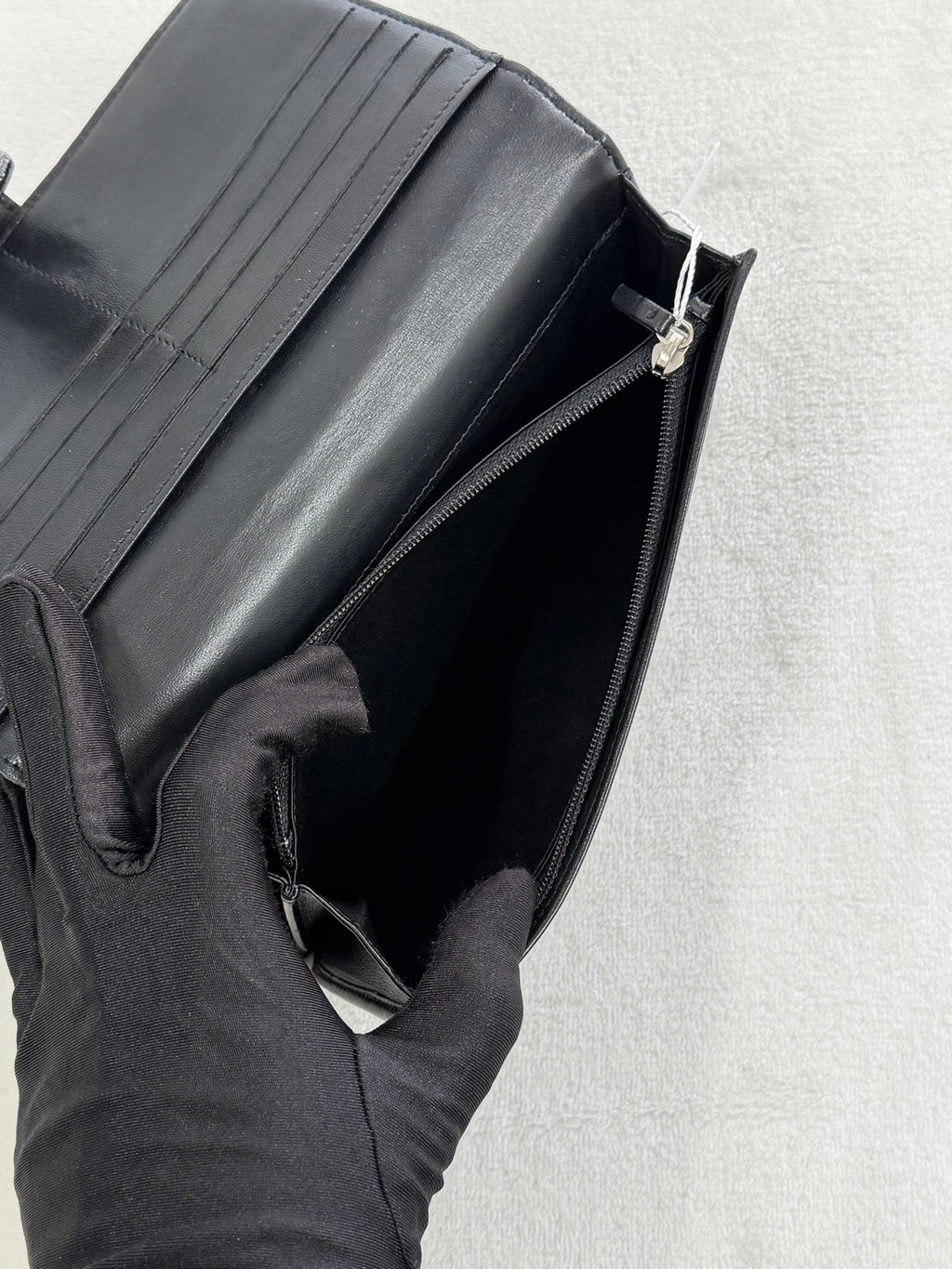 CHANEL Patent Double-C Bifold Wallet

---

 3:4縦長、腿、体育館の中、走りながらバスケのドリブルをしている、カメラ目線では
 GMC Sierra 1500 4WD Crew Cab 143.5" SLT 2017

▶ Problem to work on: Retype exactly the lines of the data above that fall between the line with "3:4縦長、腿、体育館の中、" and the line with "GMC Sierra 1500", inclusive, and add nothing.

▶ Reply to the exercise:
 3:4縦長、腿、体育館の中、走りながらバスケのドリブルをしている、カメラ目線では
 GMC Sierra 1500 4WD Crew Cab 143.5" SLT 2017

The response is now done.